Duduzane Zuma maintains his innocence.
The report also revealed how Zuma colluded with the country’s former spy chief Arthur Fraser to shut down an investigation into the Gupta family in 2011, paving the way for the government purse to be drained.
South African authorities are currently working to extradite the Gupta brothers from the UAE to account for their alleged crimes. They were arrested in Dubai earlier this month after a red message from Interpol.
But others, including some of the ANC’s most powerful officials, should also be charged with corruption, fraud and money laundering, according to the Zondo commission.
President Ramaphosa said the commission’s recommendations will be implemented at the appropriate time.
Asked if action will be taken against members of his cabinet who are involved, he says he will “form a position within four months” and the plans will then be presented to parliament.
The test is whether action will be taken.
“If South Africa takes the fight against corruption seriously… those involved… [will be] criminally prosecuted and successfully prosecuted, [then] a good enough anti-corruption firewall would have been installed,” said Dr.
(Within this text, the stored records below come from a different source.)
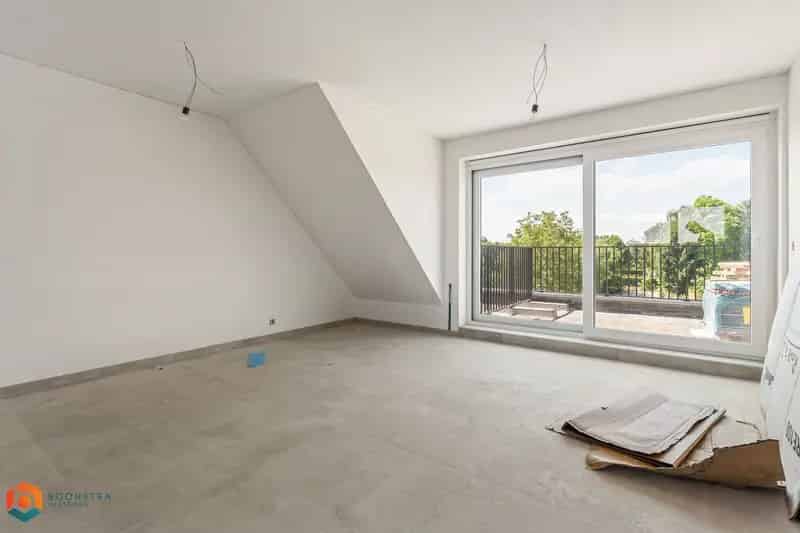 Penthouse 3 slaapkamers Westerlo - Ruim terras - BEN appartement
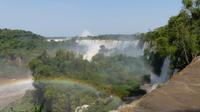 Iguazu, argentinische Seite &ndash; &copy; Frank Nimschowski (Eberhardt TRAVEL)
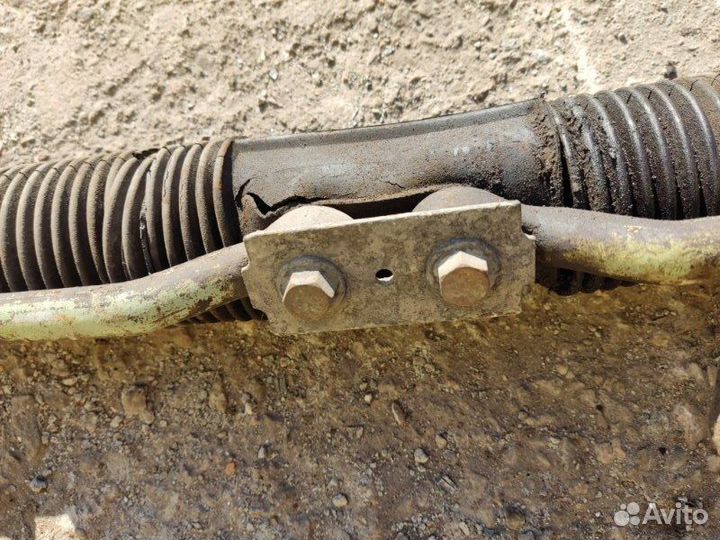 Рейка рулевая Opel Vectra A хетчбек 1.6I C16NZ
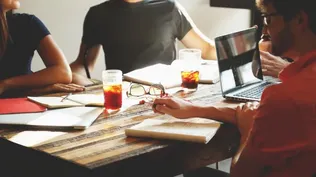 Más inversión para startups de inteligencia artificial y fintech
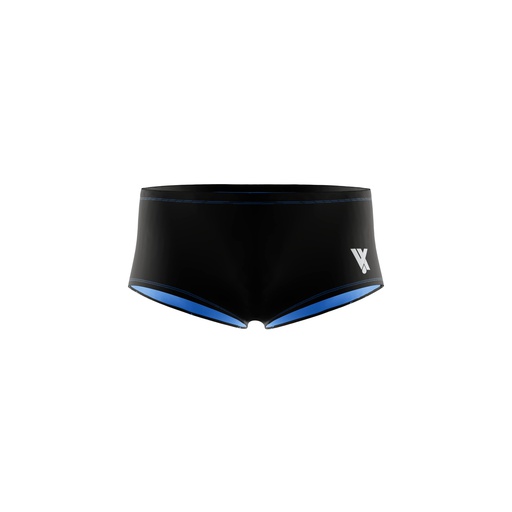[22513010] Vadox Bañador Entrenamiento Hombre Trunk BLACK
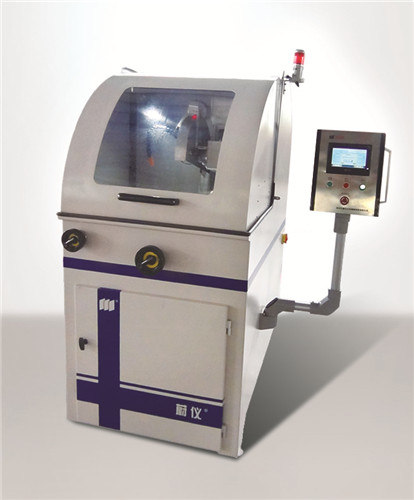 LDQ-350A型自動(dòng)一體式切割機(jī) LDQ-350A型自動(dòng)一體式切割機(jī)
Mdletyana.
But corruption cases are known to drag on for years with many delays, and the national prosecutor will need more resources to do so.
The fact that Zuma is still on trial for corruption charges related to an arms deal struck more than two decades ago – long before he became president – shows how long the process can take.
There are also allegations of corruption surrounding Ramaphosa’s government, particularly in the way money was spent during the Covid emergency.
Some analysts have compared the Zondo Commission to the work of the Truth and Reconciliation Commission (TRC), which was established to investigate the crimes committed under apartheid.
The hope was that Zondo would put an end to government corruption, but as with the TRC, there are fears that the recommendations will not be followed.
As for the ANC, with less than two years left until the next general election, the once glorious and trusted former liberation movement is in danger of losing mass support.
In addition, Judge Zondo’s proposal to change election rules to allow South Africans to directly elect a president rather than use the party system would be devastating to the party that has been in power since 1994.
His findings have prompted South Africans to ask whether an ANC-backed president can be trusted to uphold his oath of office and put the country first.